DATA SHOWN »
________________________________________

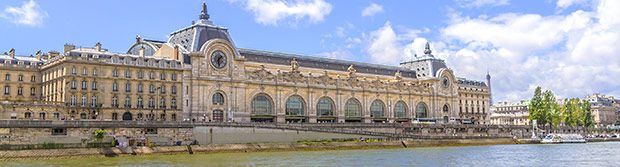 Museo d’Orsay 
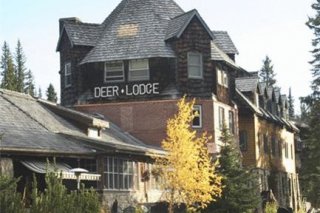 Deer Lodge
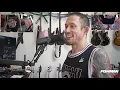 Matt Heafy from Twitch - The Heart From Your Hate @matthewkheafy @trivium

________________________________________

PROBLEM REQUIREMENTS » Copy the data exactly. Pictures do not belong in the copy.

YOUR RESPONSE »
 Museo d’Orsay 
 Deer Lodge
 Matt Heafy from Twitch - The Heart From Your Hate @matthewkheafy @trivium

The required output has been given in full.